Miami commemorates 50th anniversary of Freedom Summer

About an hour before the Freedom Summer 50th Anniversary Commemoration on Friday at Miami University’s Western Campus, overcast clouds poured rain, but skies became quiet and serene for the event, just as 1964 attendees of Freedom Summer were taught to remain peaceful amidst a storm.

From June 14-27 in 1964, 800 volunteers were trained to help black citizens register to vote and to peacefully resist violence before traveling to Mississippi. Three of these volunteers — Michael Schwerner, James Chaney, and Andrew Goodman — were killed in Mississippi shortly after leaving training in Oxford.

Those three men were commemorated Friday, as were the individuals who trained on Western Campus and across the nation to campaign for the civil rights of all Americans.
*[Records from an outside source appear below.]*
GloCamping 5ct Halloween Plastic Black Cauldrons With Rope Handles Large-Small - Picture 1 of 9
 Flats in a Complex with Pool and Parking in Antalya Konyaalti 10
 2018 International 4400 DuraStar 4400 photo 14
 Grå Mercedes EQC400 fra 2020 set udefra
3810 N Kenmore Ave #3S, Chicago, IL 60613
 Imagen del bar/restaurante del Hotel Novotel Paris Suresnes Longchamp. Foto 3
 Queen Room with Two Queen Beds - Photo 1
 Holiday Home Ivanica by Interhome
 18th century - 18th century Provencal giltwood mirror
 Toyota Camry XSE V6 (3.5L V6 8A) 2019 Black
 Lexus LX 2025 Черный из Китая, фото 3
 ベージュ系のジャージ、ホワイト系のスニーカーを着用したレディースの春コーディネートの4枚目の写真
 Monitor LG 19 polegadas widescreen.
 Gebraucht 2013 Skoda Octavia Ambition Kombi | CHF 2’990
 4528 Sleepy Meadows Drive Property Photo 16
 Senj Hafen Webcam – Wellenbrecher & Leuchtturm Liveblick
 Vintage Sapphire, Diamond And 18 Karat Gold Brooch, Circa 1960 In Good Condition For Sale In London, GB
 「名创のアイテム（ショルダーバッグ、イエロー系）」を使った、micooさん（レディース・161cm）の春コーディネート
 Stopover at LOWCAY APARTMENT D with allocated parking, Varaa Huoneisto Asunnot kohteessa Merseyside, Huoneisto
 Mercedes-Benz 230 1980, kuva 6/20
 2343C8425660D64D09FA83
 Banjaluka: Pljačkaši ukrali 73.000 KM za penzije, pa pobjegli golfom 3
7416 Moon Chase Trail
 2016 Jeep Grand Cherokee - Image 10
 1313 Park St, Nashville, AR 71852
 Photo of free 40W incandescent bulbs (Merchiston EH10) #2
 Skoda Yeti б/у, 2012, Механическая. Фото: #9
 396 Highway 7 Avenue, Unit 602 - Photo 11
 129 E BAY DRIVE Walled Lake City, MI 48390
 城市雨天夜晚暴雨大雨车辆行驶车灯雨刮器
During the commemoration, held in Western Campus’s Kumler Chapel, Miami University President David Hodge spoke about the importance of the event, and those who participated in Freedom Summer. Other speakers included Ohio representatives Bill Beagle and Tim Derickson, Miami University board of trustees chair Sharon Mitchell, and Western College Alumnae Association president Jocelyn Woodson-Reed.

‘Today, we commemorate Freedom Summer, because it is important that we honor those before us who gave us the opportunities we have today through their efforts and their sacrifice,” Hodge said.

Carl Westmoreland was the event’s keynote speaker. Westmoreland is the senior adviser and co-founder of the National Underground Railroad Freedom Center.

“The forum in which we now work and will work forever is one of a global community,” Westmoreland said. “And if democracy fails, it will be because we failed.”

Westmoreland’s speech was followed by a vocal performance by international performer Greta Pope, who graduated from Western College in 1974.

After the commemoration ceremony, three trees at the Freedom Summer Memorial on Western Campus were dedicated to Schwerner, Chaney and Goodman. A reception took place on the lawn as well, where photographs, articles, and documents related to Freedom Summer were displayed.

“(The memorial) is so appropriate for what went on here,” said Miami University alumni Bill Keng, who graduated in 1964. “I was so powerfully moved seeing it the first time. Hopefully it has touched a lot of people; it’s a way to remember.”

“This was a place of incredible values, and Freedom Summer epitomized what we were all about as a women’s college,” 1964 Western College graduate Patricia Spokes said.

Westmoreland said it is his hope that Freedom Summer will be a time that continues to be honored.

“Fifty years from now … I hope this room will be filled again with more white hair, and handsome faces, with more open ears, and that the truth of the sacrifice made by the hundreds of people who participated in that event and the millions of people who made the army that brought America close as it has ever been to its promise will be celebrated,” Westmoreland said.